*** GIVEN INFORMATION ***

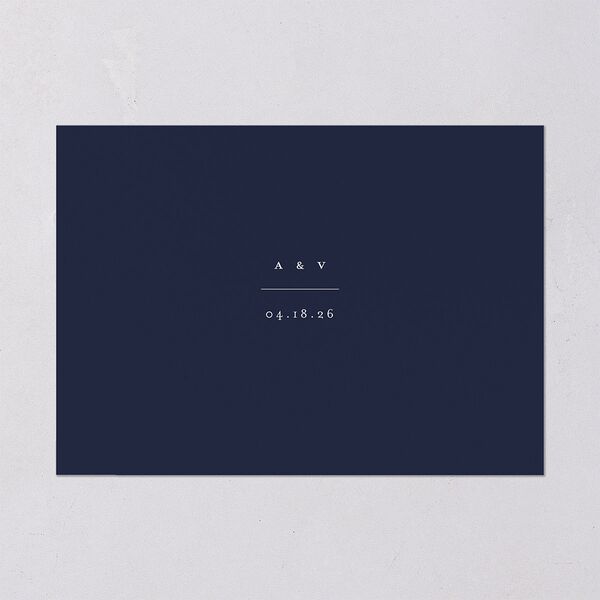 Sidebar Save The Date Cards Gold Navy Signature smooth Blank No Standard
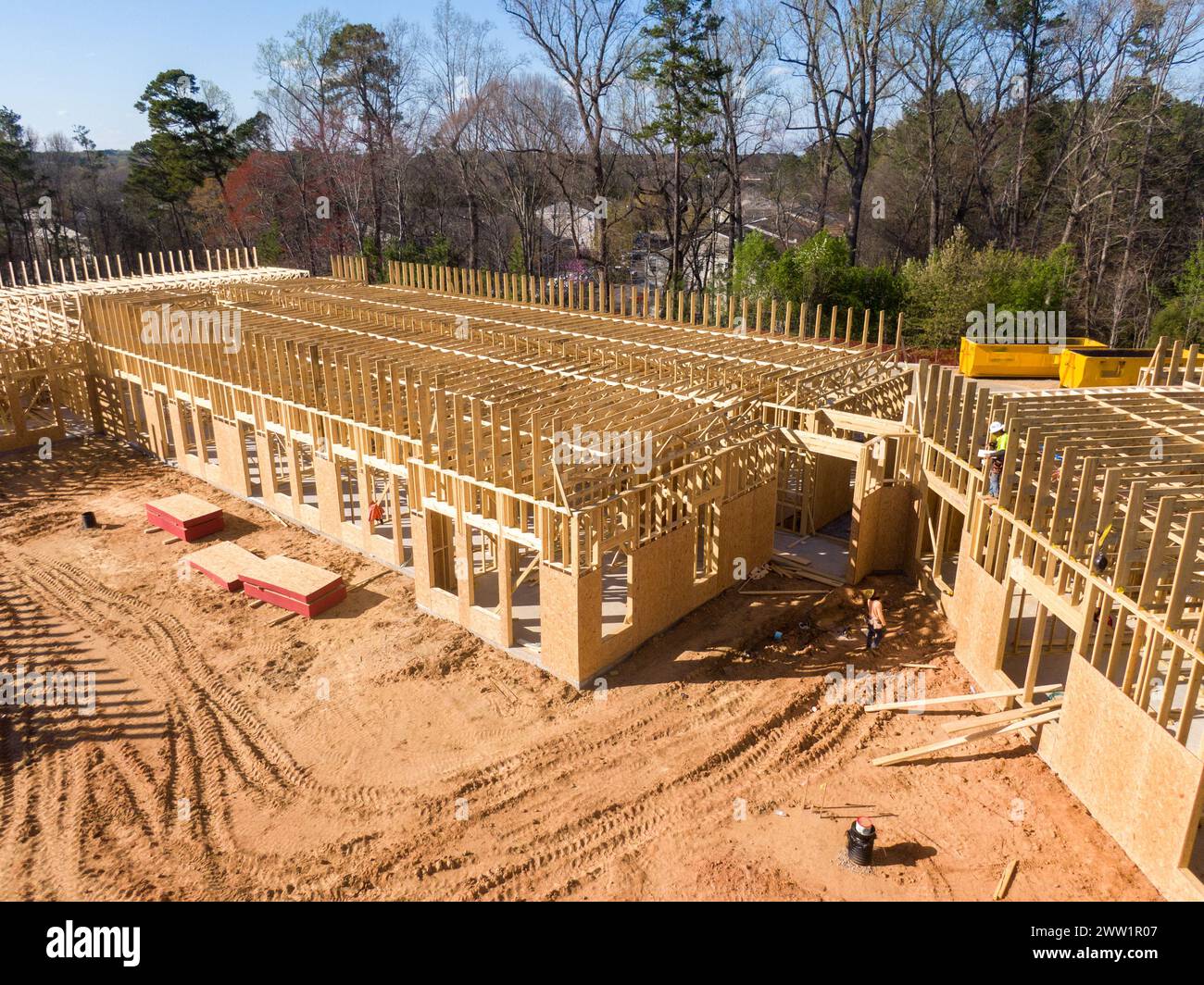 Construction (Framing) by Drone Stock Photo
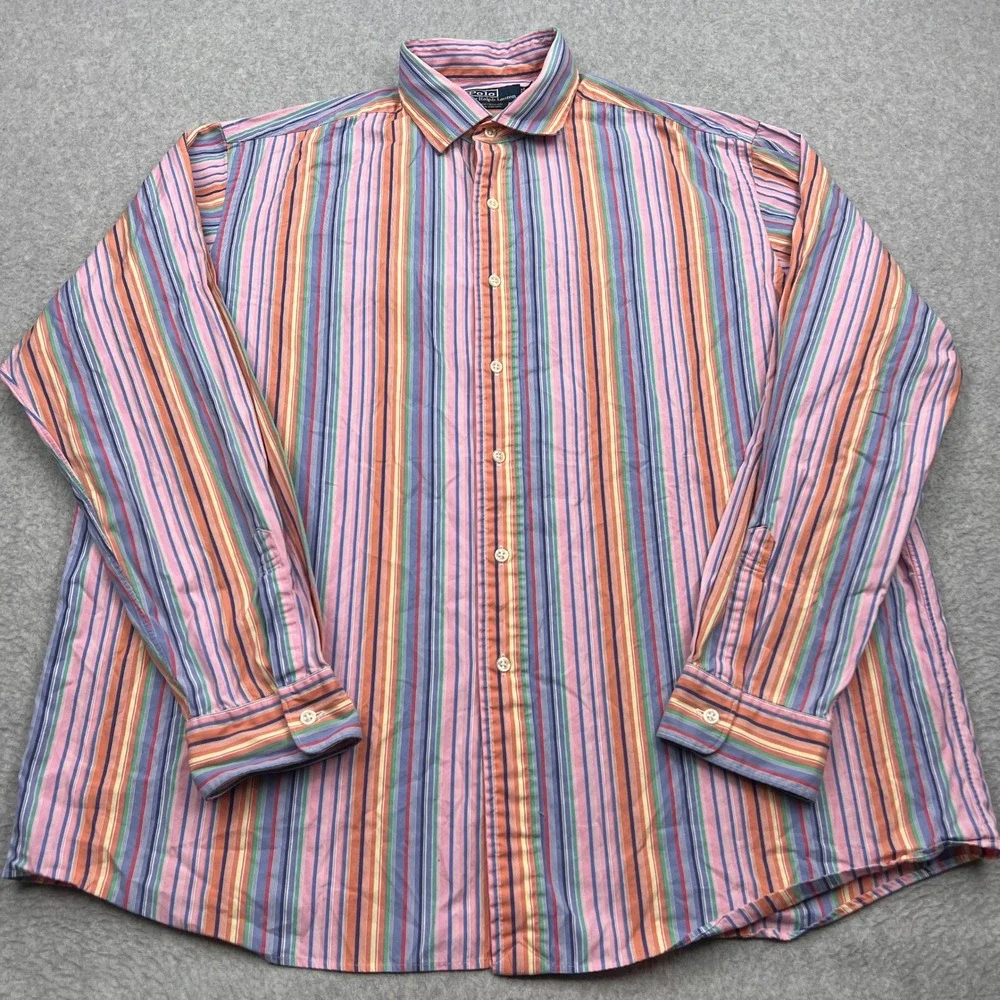 Polo Ralph Lauren Westerton Shirt Mens XL Multicolor Striped Button Front Cotton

*** End of GIVEN INFORMATION ***

= THE PROBLEM =
None of the pictures should appear, though every line of the data above must be reproduced exactly.

= SOLVED PROBLEM =
 Sidebar Save The Date Cards Gold Navy Signature smooth Blank No Standard
 Construction (Framing) by Drone Stock Photo
 Polo Ralph Lauren Westerton Shirt Mens XL Multicolor Striped Button Front Cotton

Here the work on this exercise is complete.